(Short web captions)
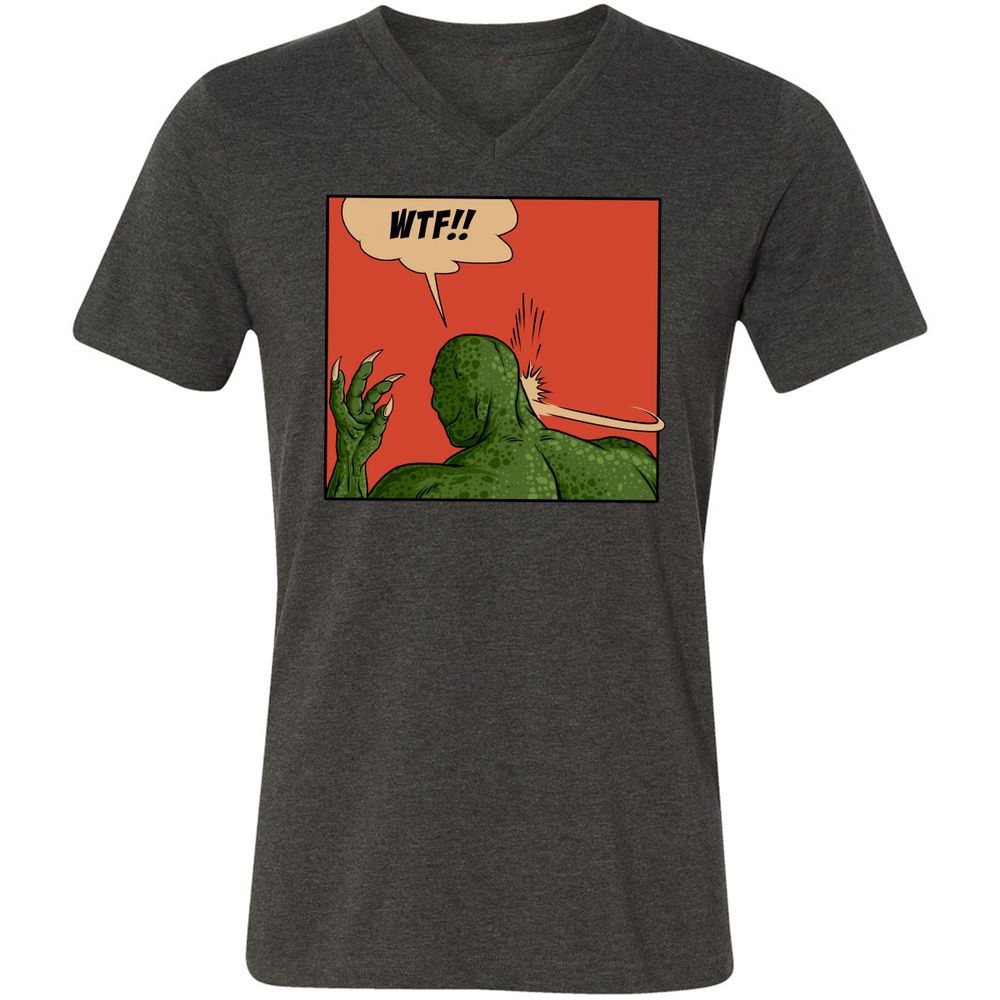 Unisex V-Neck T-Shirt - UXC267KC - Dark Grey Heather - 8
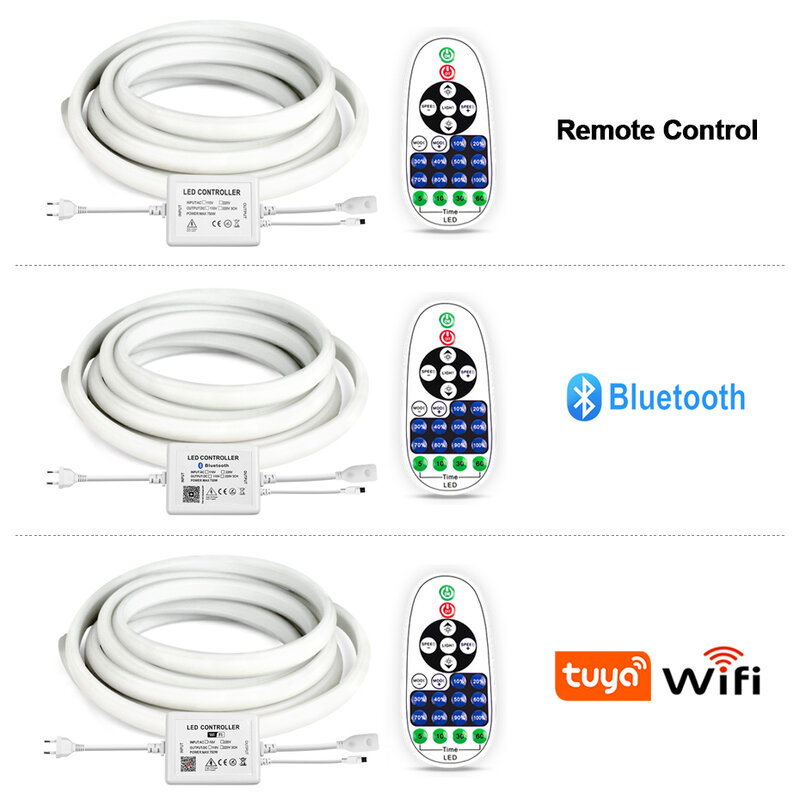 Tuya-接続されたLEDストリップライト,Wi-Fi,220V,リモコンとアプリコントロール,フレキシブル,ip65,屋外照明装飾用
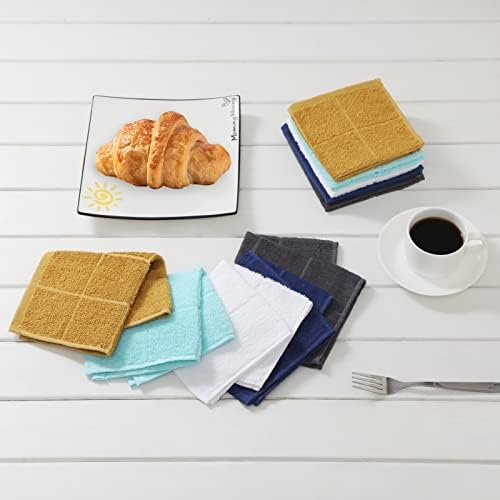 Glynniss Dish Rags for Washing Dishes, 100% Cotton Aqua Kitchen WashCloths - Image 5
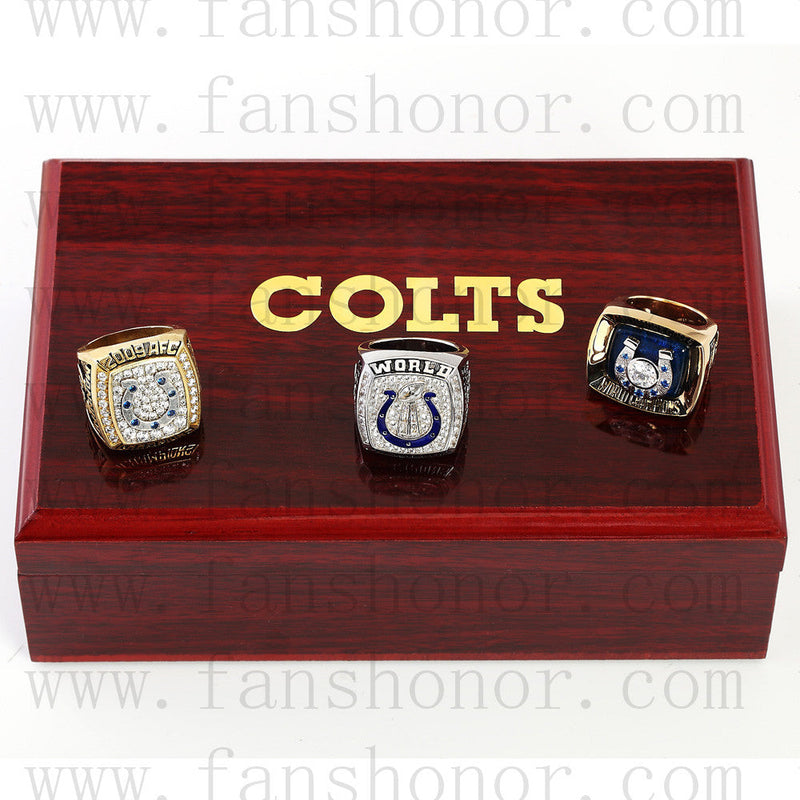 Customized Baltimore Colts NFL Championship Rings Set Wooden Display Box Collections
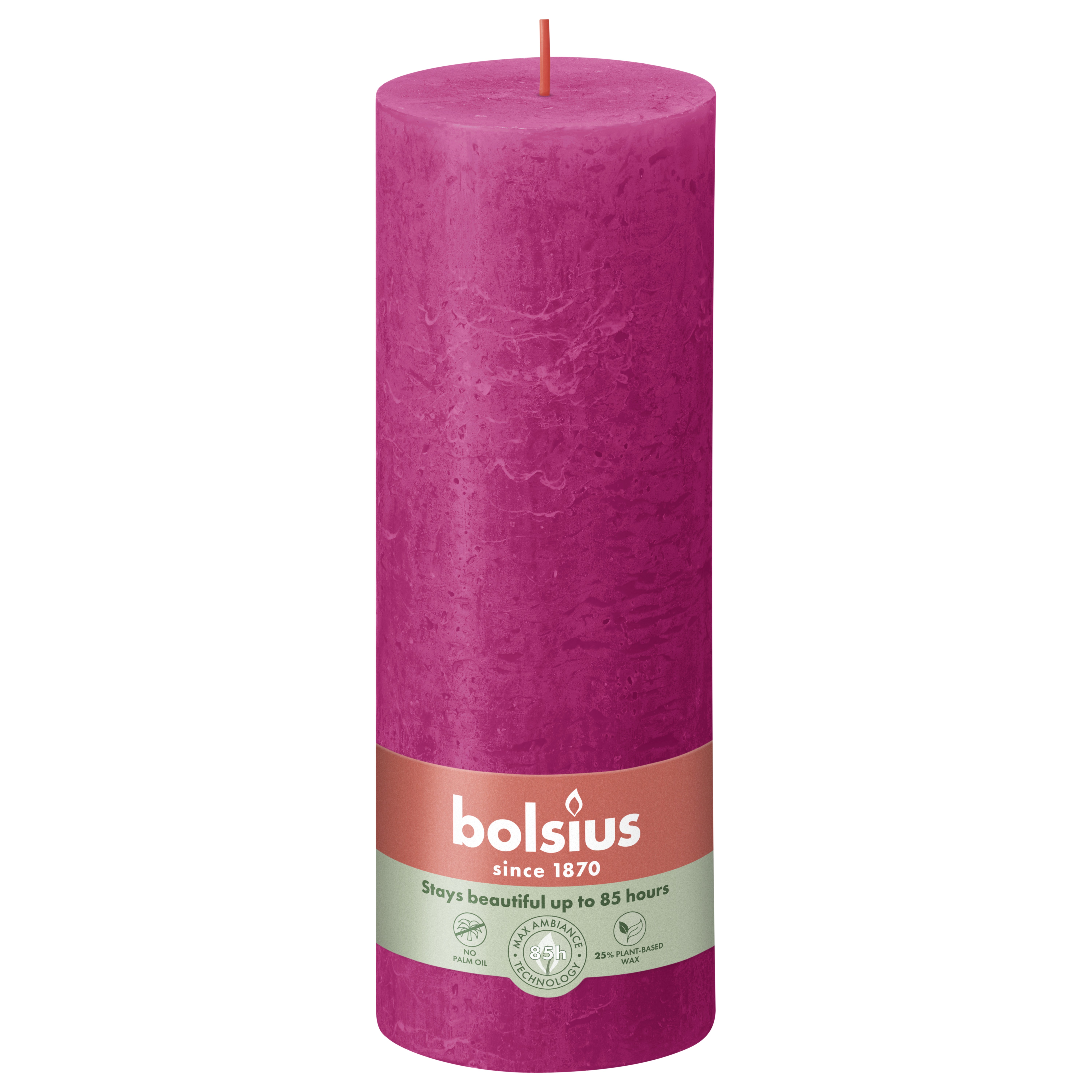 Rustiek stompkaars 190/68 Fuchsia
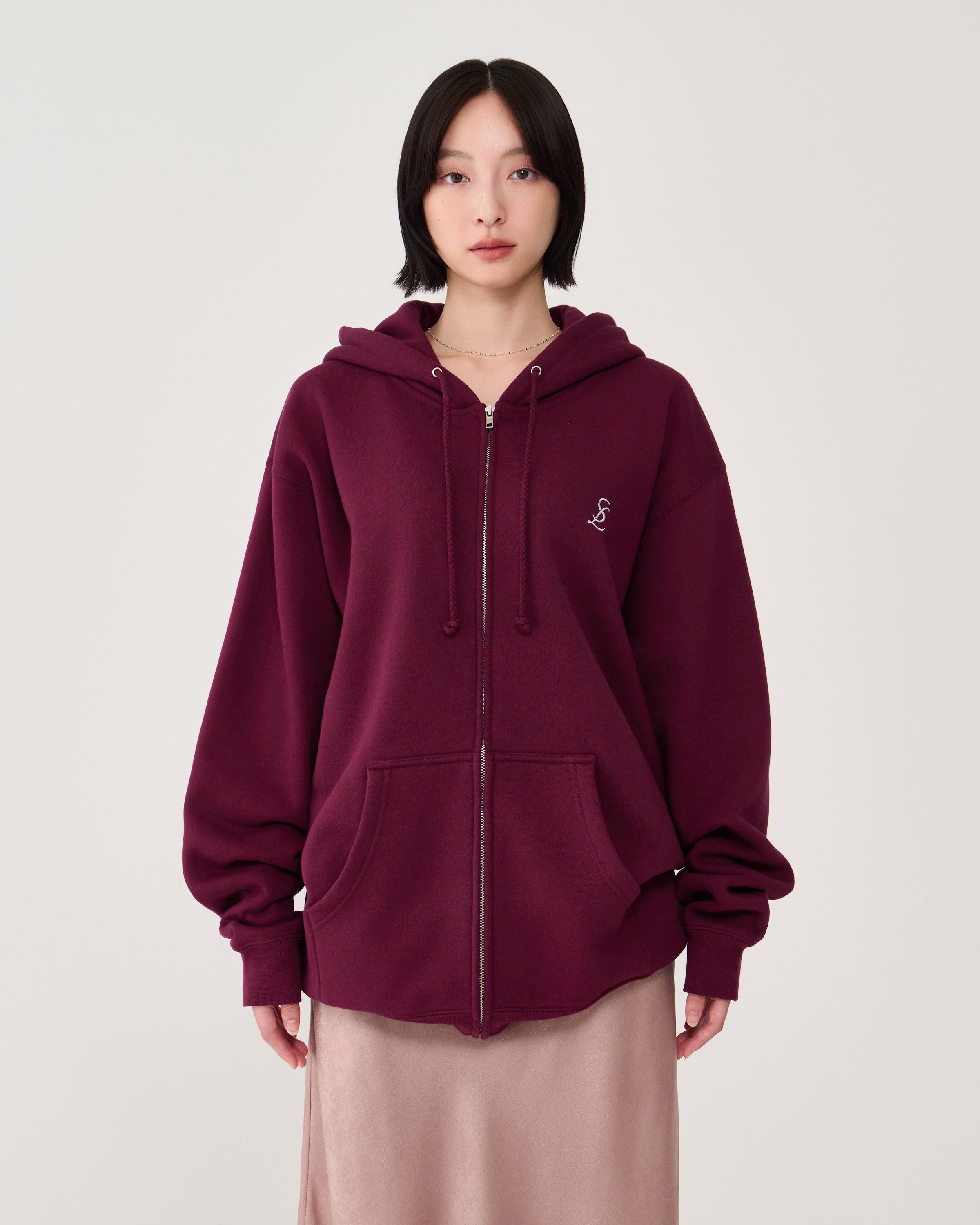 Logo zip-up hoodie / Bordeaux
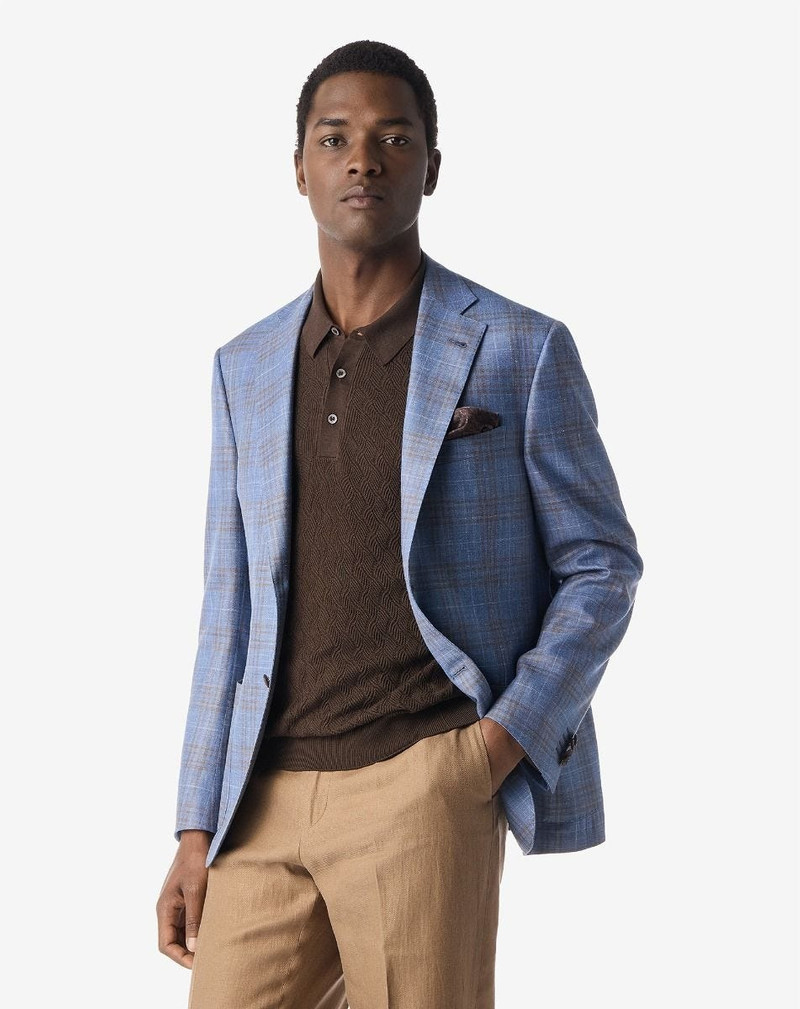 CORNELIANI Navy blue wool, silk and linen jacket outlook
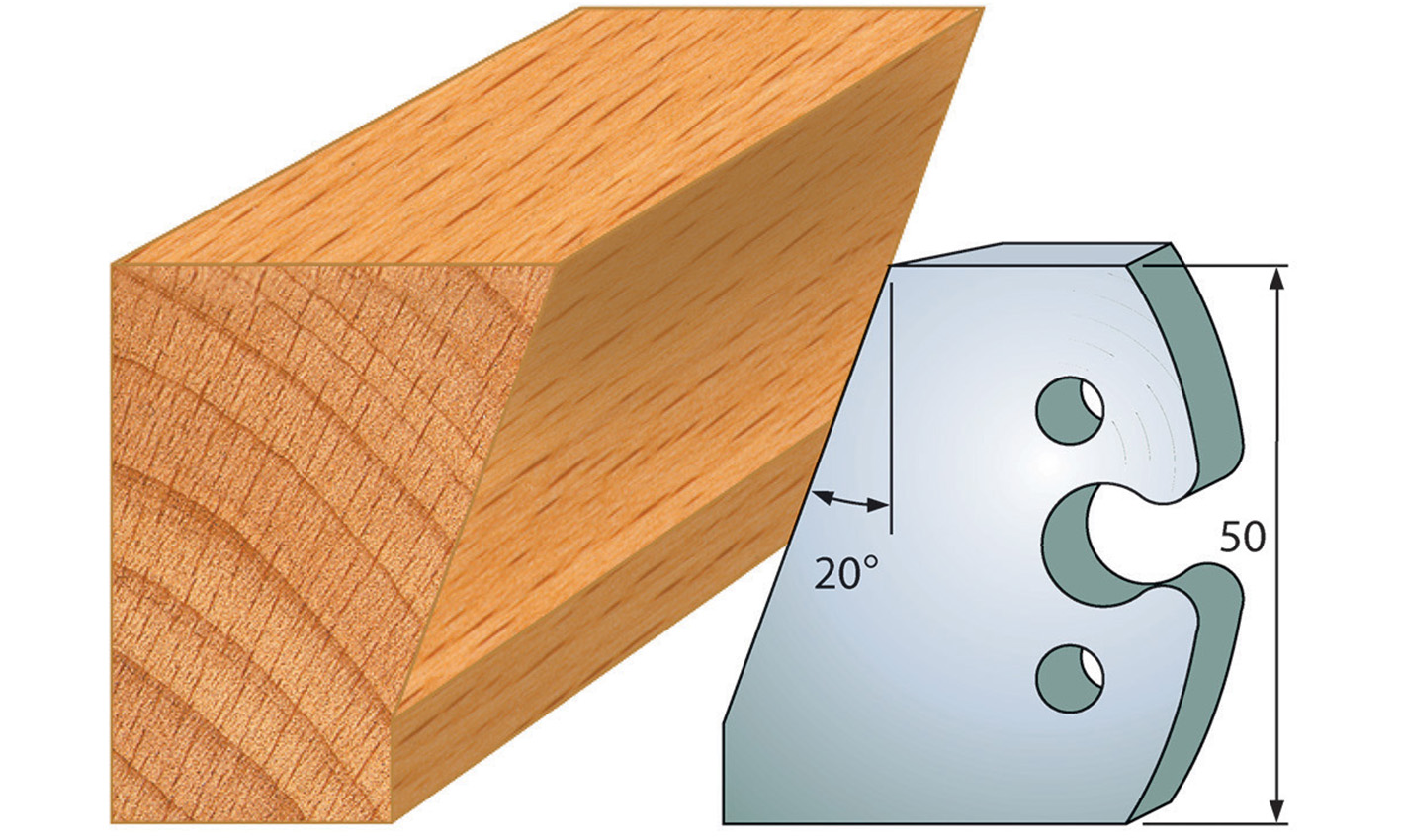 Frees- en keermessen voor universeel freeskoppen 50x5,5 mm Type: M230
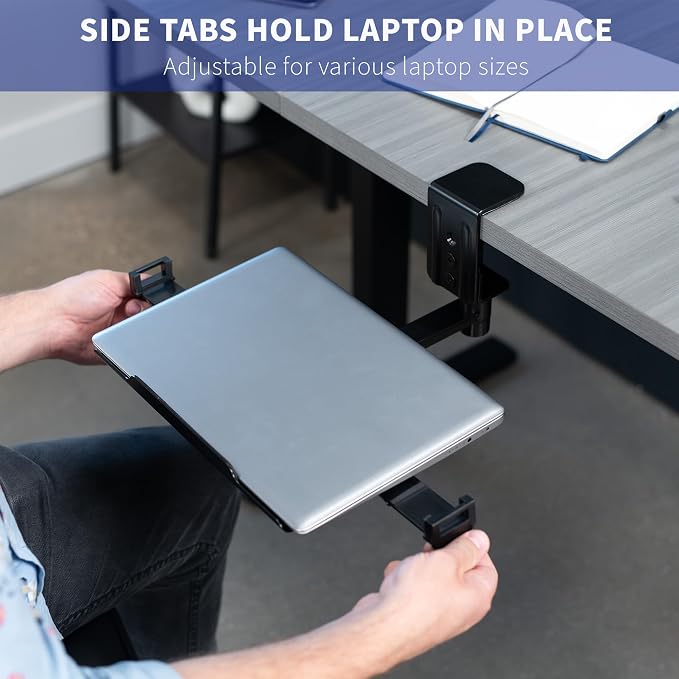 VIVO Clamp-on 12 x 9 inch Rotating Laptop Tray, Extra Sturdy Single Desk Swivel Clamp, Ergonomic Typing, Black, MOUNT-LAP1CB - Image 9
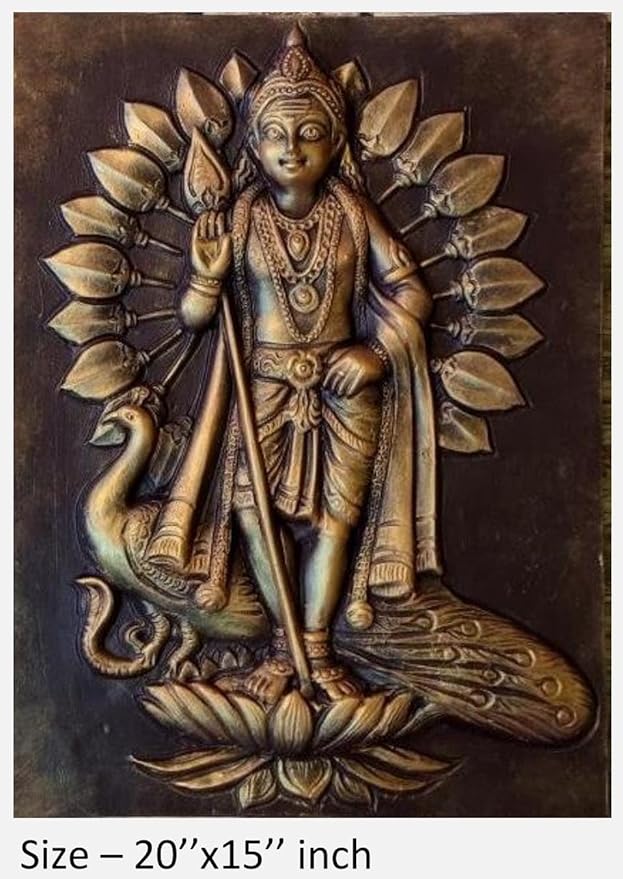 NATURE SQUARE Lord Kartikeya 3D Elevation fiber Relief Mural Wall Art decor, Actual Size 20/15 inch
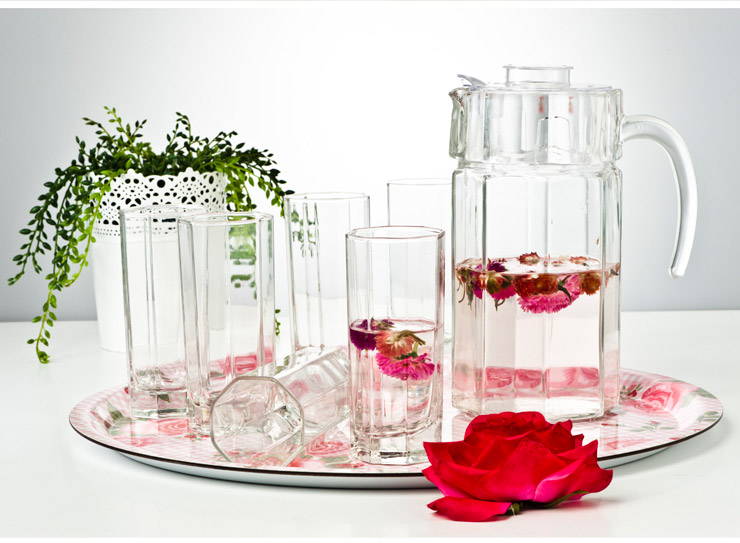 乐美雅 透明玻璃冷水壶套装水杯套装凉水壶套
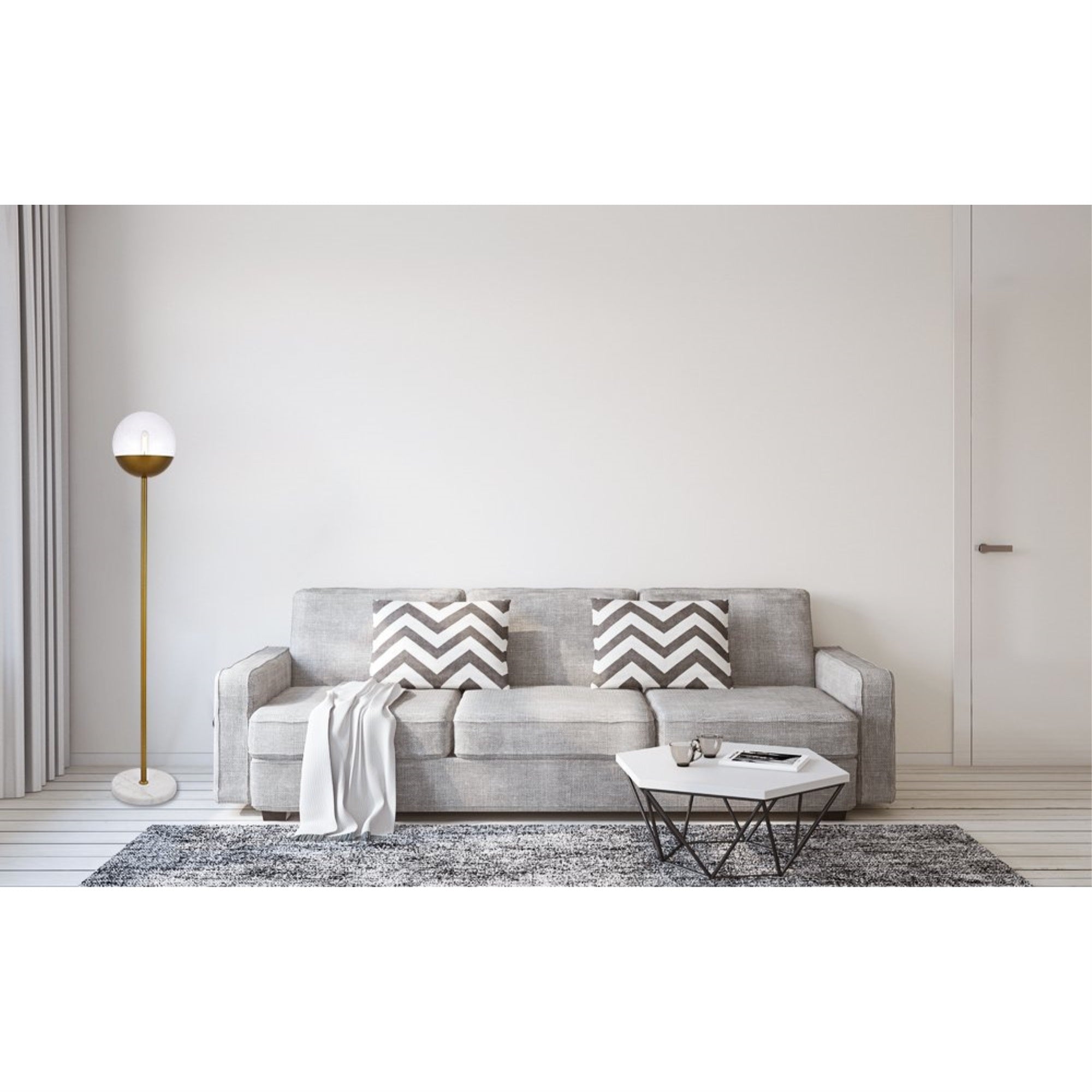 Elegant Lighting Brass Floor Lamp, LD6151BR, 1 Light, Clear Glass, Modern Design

§ **Task requirements**:
Please output, exactly and with no pictures, only the lines from the one containing "Customized Baltimore Colts" through the final line of the records above.

§ **Solution**:
 Customized Baltimore Colts NFL Championship Rings Set Wooden Display Box Collections
 Rustiek stompkaars 190/68 Fuchsia
 Logo zip-up hoodie / Bordeaux
 CORNELIANI Navy blue wool, silk and linen jacket outlook
 Frees- en keermessen voor universeel freeskoppen 50x5,5 mm Type: M230
 VIVO Clamp-on 12 x 9 inch Rotating Laptop Tray, Extra Sturdy Single Desk Swivel Clamp, Ergonomic Typing, Black, MOUNT-LAP1CB - Image 9
 NATURE SQUARE Lord Kartikeya 3D Elevation fiber Relief Mural Wall Art decor, Actual Size 20/15 inch
 乐美雅 透明玻璃冷水壶套装水杯套装凉水壶套
 Elegant Lighting Brass Floor Lamp, LD6151BR, 1 Light, Clear Glass, Modern Design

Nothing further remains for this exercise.